Justice Payne (with whom the other members of the five-member Bench agreed) analysed a number of cases which have traditionally been relied upon as authority for the proposition that the Court has power to make class closure orders.  One of those cases – the Victorian decision in Matthews v SPI Electricity Pty Ltd (No 13) (2013) 39 VR 255 – was held not to be authority for the proposition that the Supreme Court of New South Wales is empowered to make a class closure order, not least because the Victorian legislation contains a provision that expressly gives the Court in that jurisdiction power to make orders which would have the effect of closing the class of claimants by a certain date.

The other central decision was that of the Full Federal Court in Melbourne City Investments Pty Ltd v Treasury Wine Estates Ltd (2017) 252 FCR 1, concerning the federal legislative framework for class actions which – like the New South Wales statute – lacks an express power to close a class.  In that decision, the Full Federal Court had acknowledged that class actions “are intended to require little or no active involvement by class members” and that “[t]here must be a good reason to exercise the discretion to make a class closure order which may operate to deny the benefits of a settlement to class members who do not opt out and who do not take the active step of registering”.  However, the Court had also said that “if a class closure order operates to facilitate the desirable end of settlement, it may be reasonably adapted to the purpose of seeking or obtaining justice in the proceeding and therefore appropriate under s 33ZF of the Act”.

Justice Payne noted three short matters about the Treasury Wine Estates decision: first, the question of power was conceded; secondly, it cited the Matthews decision, which is not authority for the suggestion that the Supreme Court of New South Wales has the power in question; and thirdly, the other cases referred to in the decision had proceeded by consent.  Most importantly, however, the decision was made before the decision of the High Court of Australia in Brewster.  In Brewster, the High Court had expounded a construction of the statutory class action regime that his Honour considered to be inconsistent with the relevant aspects of Treasury Wine Estates decision (even though Brewster and the case at hand related to different types of order).  His Honour said that “the majority judgments [in Brewster] each made clear that the power conferred by s 183 was to be construed in the context of structural considerations in Part 10 relating to settlement and judgment”.

Although the respondents had argued that the class closure order was consistent with the statutory regime in that “it assists in the management of the proceeding in order to bring it to a resolution”, his

Honour considered that the effect of that order was “to address a matter, the barring of a claim held by a Group Member, which is addressed in s 173 in the case of settlement and s 177 in the case of a judgment, in each case supplemented by the specific power in s 179 to make a judgment binding all Group Members.”  Further, “[i]t is, so the plurality in Brewster explains, incongruous to read a power into s 183 when other provisions of Part 10 make specific provisions apt to accommodate that task but which operate at the conclusion of the proceeding.  The power to bar a claim held by a Group Member is one that arises at the conclusion of a representative proceeding”.

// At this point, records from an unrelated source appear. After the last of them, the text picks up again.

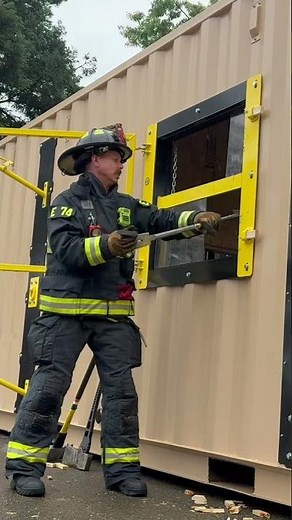 The VES Window Full Evolution in Action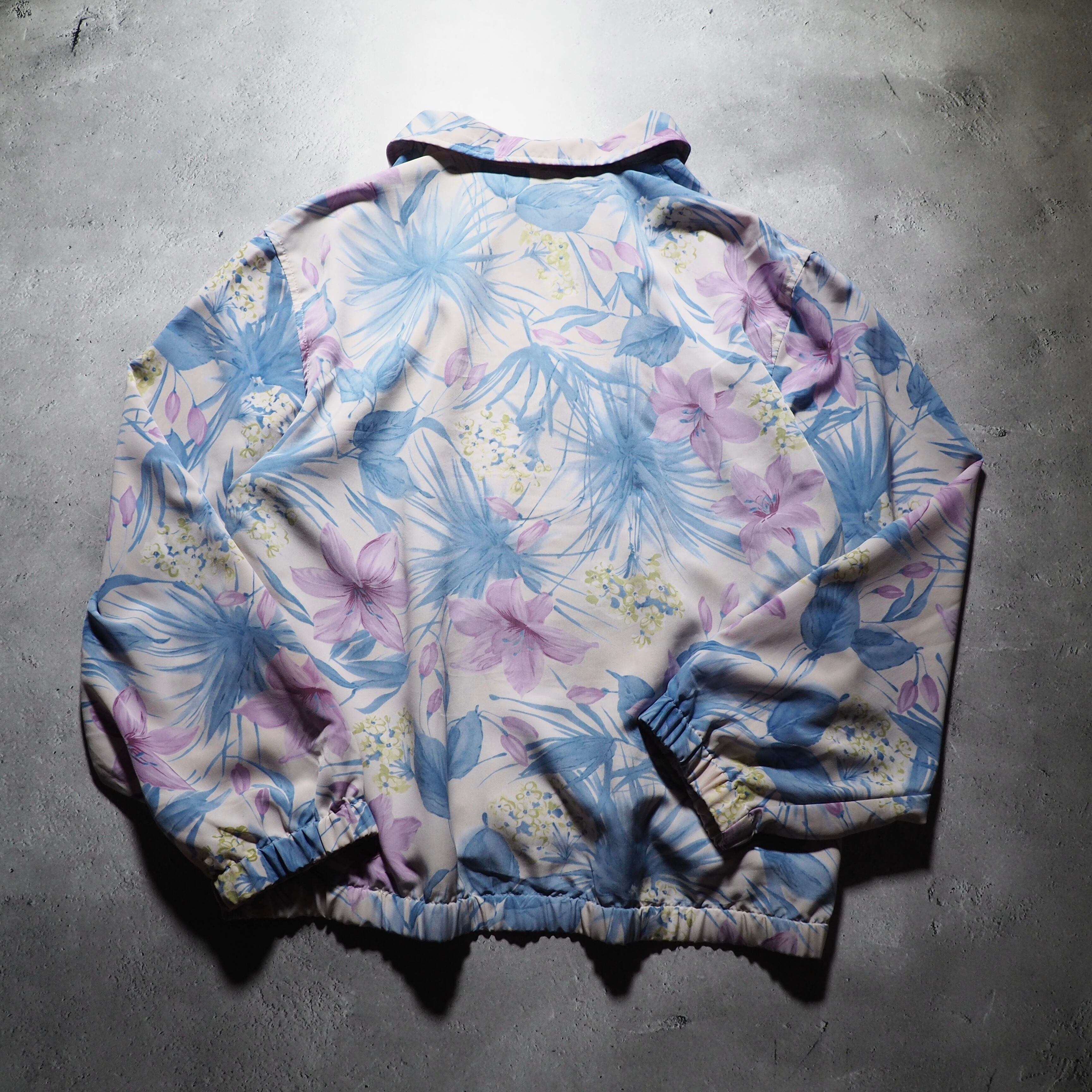 1990s Beautiful watercolor flower painted vintage loose Blouson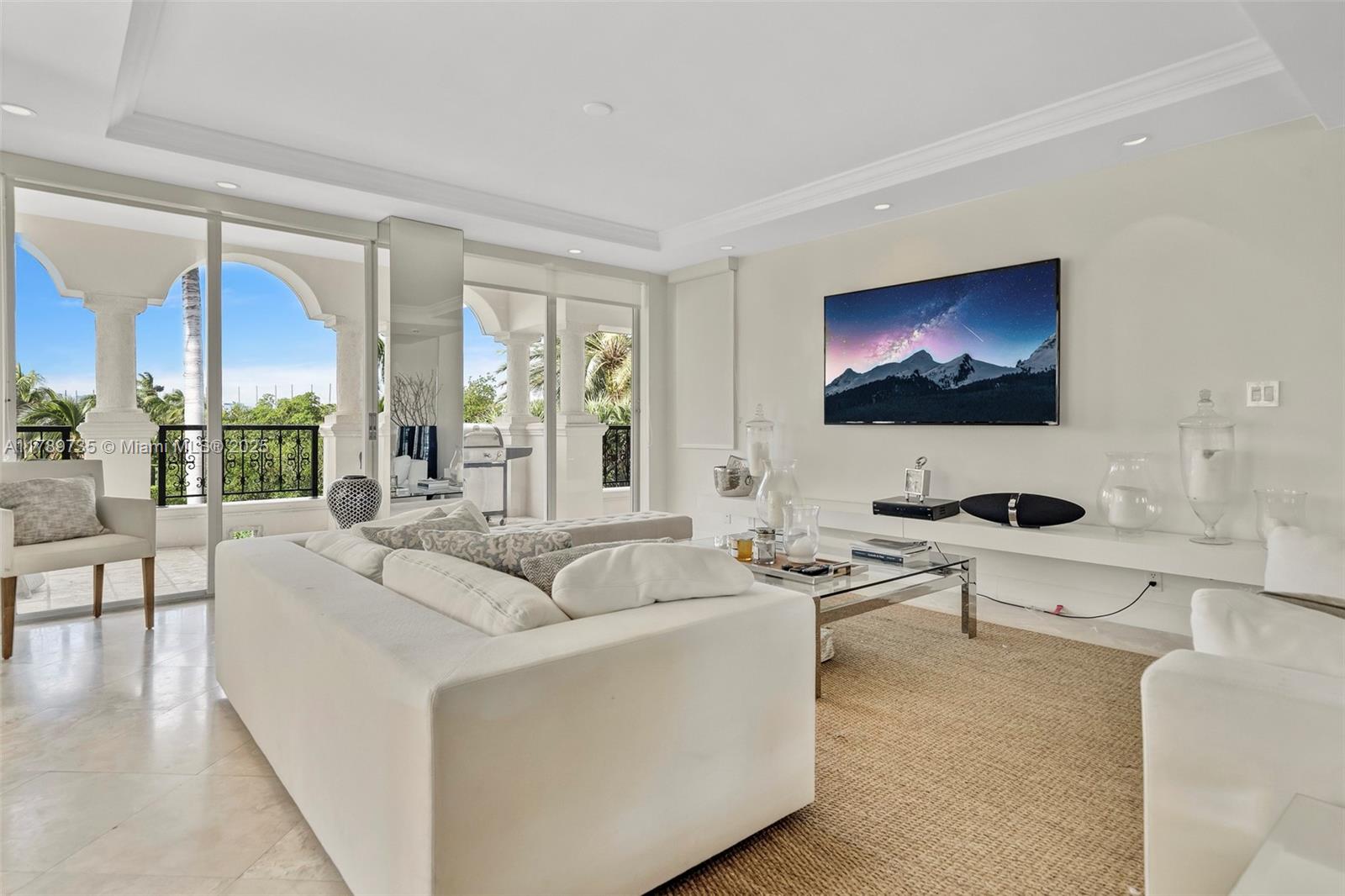 SEASIDE CONDO - Residential Lease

Crucially, s 183 – while broad – does not empower the Court to take steps that go beyond what the specific provisions of the legislation show the provision was intended to supplement.  And, as the President observed in a separate concurring judgment:

“[I]t is difficult to conceive of how an order which destroys a person’s cause of action within the limitation period, without a hearing and with no guarantee that the person will necessarily know of the outcome or consequences of their failure to register, is an order that could be thought to be ‘necessary to ensure that justice is done in the proceedings’.”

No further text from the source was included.